# Machine Learning using Cross Validation

In [9]:
import pandas as pd
from sklearn.model_selection import train_test_split
# Read the data
data = pd.read_csv('./tmp/melb_data.csv')

# Select usbset of predictors
cols_to_use = ['Rooms', 'Distance', 'Landsize', 'BuildingArea', 'YearBuilt']
X = data[cols_to_use]

# Select target
y = data.Price

# Seperate data into training and validation sets
X_train, X_valid, y_train, y_valid = train_test_split(X, y, train_size = 0.8, random_state=0)

In [10]:
from sklearn.ensemble import RandomForestRegressor
from sklearn.pipeline import Pipeline
from sklearn.impute import SimpleImputer

my_pipeline = Pipeline(steps=[
    ('preprocessor', SimpleImputer()),
    ('model', RandomForestRegressor(n_estimators=80, random_state=0))
])

Scikit-learn has a convention where all metrics are defined so a high number is better. Using negatives here allows them to be consistent with that convention, though negative MAE is almost unheard of elsewhere. For more info, see [scikit_learn](https://scikit-learn.org/stable/modules/model_evaluation.html) documentation.

In [11]:
from sklearn.model_selection import cross_val_score

# Multiply by -1 since sklearn calculate negative MAE
scores = -1 * cross_val_score(my_pipeline, X, y, cv=5, scoring='neg_mean_absolute_error')
print(scores)

[301620.65761152 302450.87845854 286030.87454361 235172.22588306
 259620.74982788]


In [12]:
print(scores.mean())

276979.0772649233


## XGBoost 

XGBoost has a few parameters that can dramatically affect accuracy and training speed. The first parameters you should understand are:

- **n_estimators** specifies how many times to go through the modeling cycle described above. It is equal to the number of models that we include in the ensemble.

Too low a value causes underfitting, which leads to inaccurate predictions on both training data and test data.
Too high a value causes overfitting, which causes accurate predictions on training data, but inaccurate predictions on test data (which is what we care about).
Typical values range from 100-1000, though this depends a lot on the learning_rate parameter discussed below.
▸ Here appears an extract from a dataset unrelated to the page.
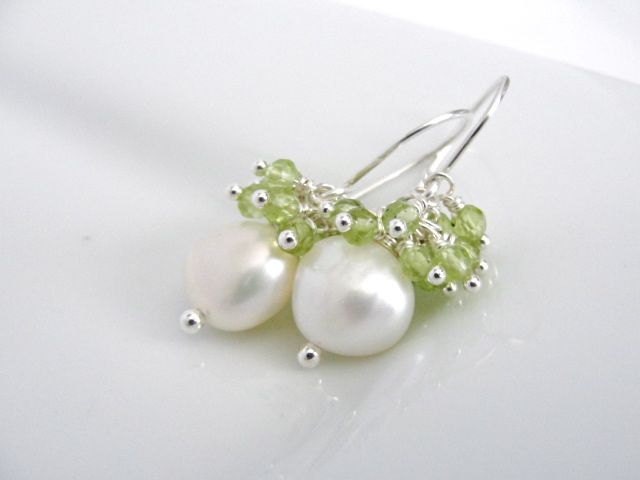 August Birthday: Peridot, Earrings, Sterling Silver, Designer, Birthstone, Pearl, Gemstone, Clusters, Dangle, Jewelry  0091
- **early_stopping_rounds** offers a way to automatically find the ideal value for n_estimators. Early stopping causes the model to stop iterating when the validation score stops improving, even if we aren't at the hard stop for n_estimators. It's smart to set a high value for n_estimators and then use early_stopping_rounds to find the optimal time to stop iterating.

- **learning_rate** Instead of getting predictions by simply adding up the predictions from each component model, we can multiply the predictions from each model by a small number (known as the learning rate) before adding them in.

- **n_jobs** On larger datasets where runtime is a consideration, you can use parallelism to build your models faster. It's common to set the parameter n_jobs equal to the number of cores on your machine. On smaller datasets, this won't help.

In [33]:
from xgboost import XGBRegressor
my_model = XGBRegressor(n_estimators=5000, learning_rate=0.005, n_jobs=10)
my_model.fit(X_train, y_train, early_stopping_rounds=10, eval_set=[(X_valid, y_valid)], verbose=False)

  if getattr(data, 'base', None) is not None and \




XGBRegressor(base_score=0.5, booster='gbtree', colsample_bylevel=1,
             colsample_bynode=1, colsample_bytree=1, gamma=0,
             importance_type='gain', learning_rate=0.005, max_delta_step=0,
             max_depth=3, min_child_weight=1, missing=None, n_estimators=5000,
             n_jobs=10, nthread=None, objective='reg:linear', random_state=0,
             reg_alpha=0, reg_lambda=1, scale_pos_weight=1, seed=None,
             silent=None, subsample=1, verbosity=1)

In [34]:
from sklearn. metrics import mean_absolute_error
preds_valid = my_model.predict(X_valid)
print("Mean Absolute Error: " + str(mean_absolute_error(preds_valid, y_valid)))

Mean Absolute Error: 250072.45741669735